Individuals who face a tax bill due to breaching their annual allowance don’t have easy access to financial advice, as there is “a huge gap in the market” of specialists in the field, a pension expert has warned.
Speaking at the Pensions and Lifetime Savings Association’s annual conference in Manchester yesterday (October 17), Rachel Brothwood, director of pensions at the West Midlands Pension Fund, said it was challenging for schemes to find suitable advisers for their members, “who have got knowledge of public sector schemes, or sufficient knowledge of pension tax”.
She explained more and more of the 300,000 members of West Midlands Pension Fund were opting out of the scheme due to being hit with tax bills.
She said: “These individuals aren't used to navigating self-assessment, they don't have an IFA ready who can advise them on this sort of thing, they are particularly averse to paying for financial advice and don't necessarily trust the tax system.
“It is a real problem because we can't deal with them through generic examples and generic information.

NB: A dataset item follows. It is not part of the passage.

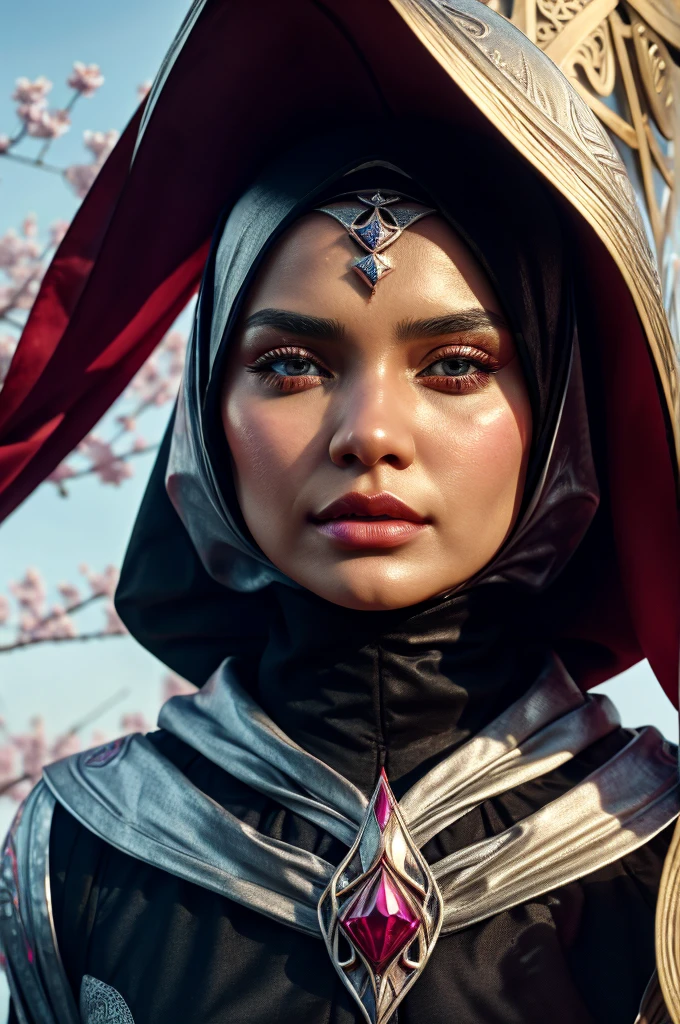 beautiful malay young woman in hijab, wearing hazmat suit made of silver, thick symmetrical features, background is cherry blossoms, pink aura, red lips, octane render,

Quite often the response is that it is easier to avoid, it is easier to opt out.
“In those circumstances they are missing out on benefits and in the public sector schemes in particular they are missing out on lump sum death cover that they would otherwise have.”
Steve Carlson, chartered financial planner at Cardiff-based Carlson Wealth Management, said he does not agree that there is shortage of IFAs in this area.
He said: "The problem is that you need to calculate short-term tax liabilities and balance those against the long-term value of the pension, which makes the advice quite complex and appropriate fees have to be charged.
"Many people are unwilling to pay for this advice (even when the benefits could be huge), so the problem is more about the willingness to pay for the advice rather than its availability."
Ms Brothwood said the pension fund – part of the Local Government Pension Scheme – had seen a six-fold increase in tax paid through scheme pays since the tapered annual allowance was introduced in 2016.
Minor changes such as a promotion or acting up on a role can trigger a tax charge for the scheme members, she explained.
Ms Brothwood said: “In 2017/18 we produced 406 pension saving statements, over 70 per cent of those were in respect of people earning less than £80,000 a year.
“I would ask the question are we actually targeting the right people.”
Tax paid by scheme
The tapered annual allowance gradually reduces the allowance for those on high incomes, meaning they are more likely to suffer an annual tax charge on contributions and a lifetime allowance tax charge on their benefits.
The taper means that for every £2 of adjusted income above £150,000 a year, £1 of annual allowance will be lost.
Ms Brothwood doesn’t believe, however, that financial advice is the solution for the problem.
She said: “We are potentially creating a cottage industry if we go down that route for a problem that we should really try to solve in a different way.